The Mets have their longest winning streak on a particular date in 17 years! Wow! Plus: Yankee Stadium was el cheapo in '23.

Published July 16, 2008 5:45PM (EDT)

The dumb stat of the night came early in Fox's broadcast of the All-Star Game Tuesday night. In the top of the first.

Tim McCarver was talking about how hot the New York Mets are. "The New York Mets have won nine in a row," he said. "That is the longest winning streak that they have had in their history going into the All-Star break. The previous longest streak was seven in a row back in 1991."

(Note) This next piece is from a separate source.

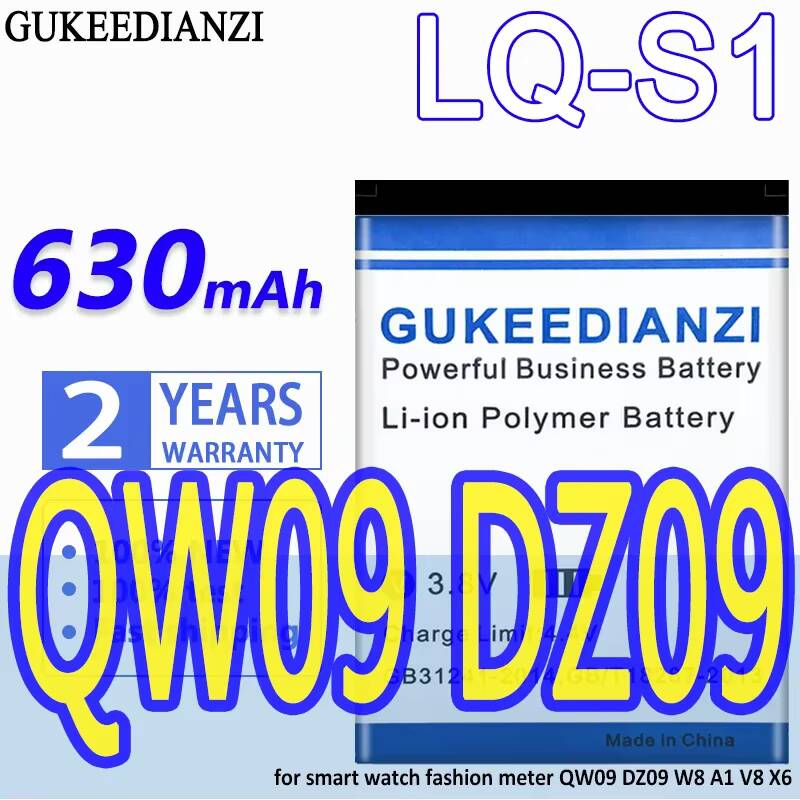 Lightweight 630mAh LQ-S1 Fit F - Watch V8 reseña y precio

At first I thought he meant that going into the All-Star break, the Mets have their longest winning streak since 1991. It doesn't read that way, but syntax sometimes gets jumbled up when a person's speaking off the cuff. But nine games sounds too short to be the longest winning streak since 1991, and sure enough, a quick check of their last pennant year shows the Mets won nine in a row in 2000. There may have been longer streaks since that 1991 one, but this one certainly wasn't the longest.

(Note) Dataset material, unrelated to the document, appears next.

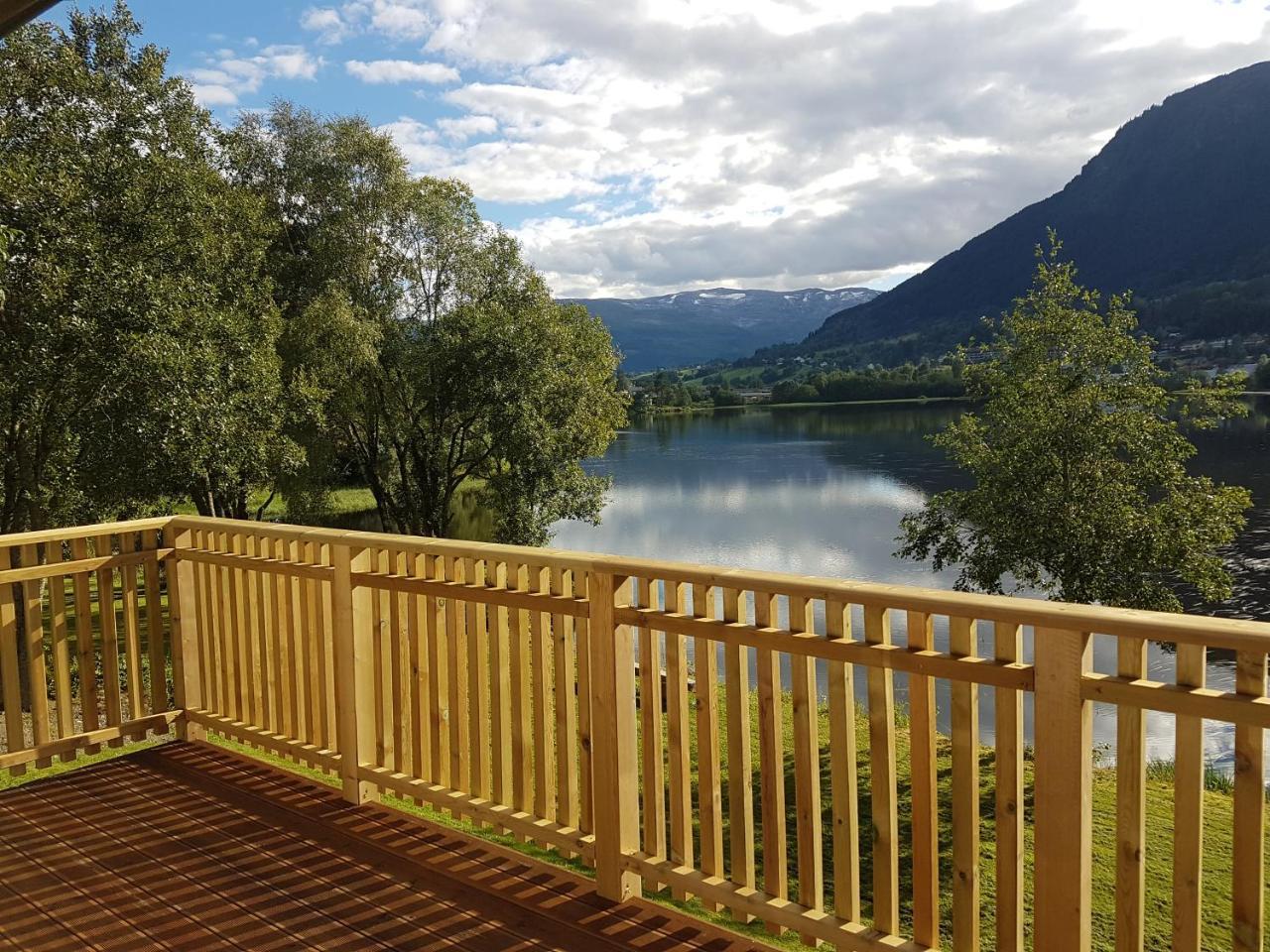 Voss Interlake - Villa Скулестадмо Экстерьер фото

But wait. McCarver really was saying the Mets' winning streak is the longest one they've had going into an All-Star break since 1991.

How silly is that? There have only been 17 All-Star breaks since 1991, so saying the Mets have their longest winning streak at that point in the season, out of 17 seasons, is really not saying much.

Would it make sense if an announcer said a team was on the longest streak it had ever been on leading into the games of May 18 since 1991? Or even since 1891? Of course not. It's the same thing.

Fox wasn't done for the night, though. Later in the game, quite a bit of attention was lavished on the original price tag for Yankee Stadium in 1923, which was reported as $2.5 million. There are 41 players on the All-Star rosters making more than that this season, a graphic told us, and McCarver and Joe Buck oohed and ahhed over that a little bit.

Yeah, it's called inflation, Fox. Look into it.

But here's the really wild thing. According to that westegg.com inflation calculator you use whenever Grandpa starts going on about how you could get a steak dinner in his day for three bucks -- yeah, Gramps, that's like $35 now -- $2.5 million in 1923 was worth a little more than 30 million of today's dollars.

Thirty million dollars! Nobody makes that much yet, but Alex Rodriguez is making a reported $27 million this year and he'll make $32 million each of the next two seasons. He makes enough in one year to have built a state-of-the-art baseball stadium in 1923 -- even accounting for inflation!

The new Yankee Stadium is costing a reported $1.3 billion to build, or about 43 times more than the old one, after accounting for inflation.

It costs a lot of money to build a baseball stadium. It clearly costs even more than that to build a giant cash register.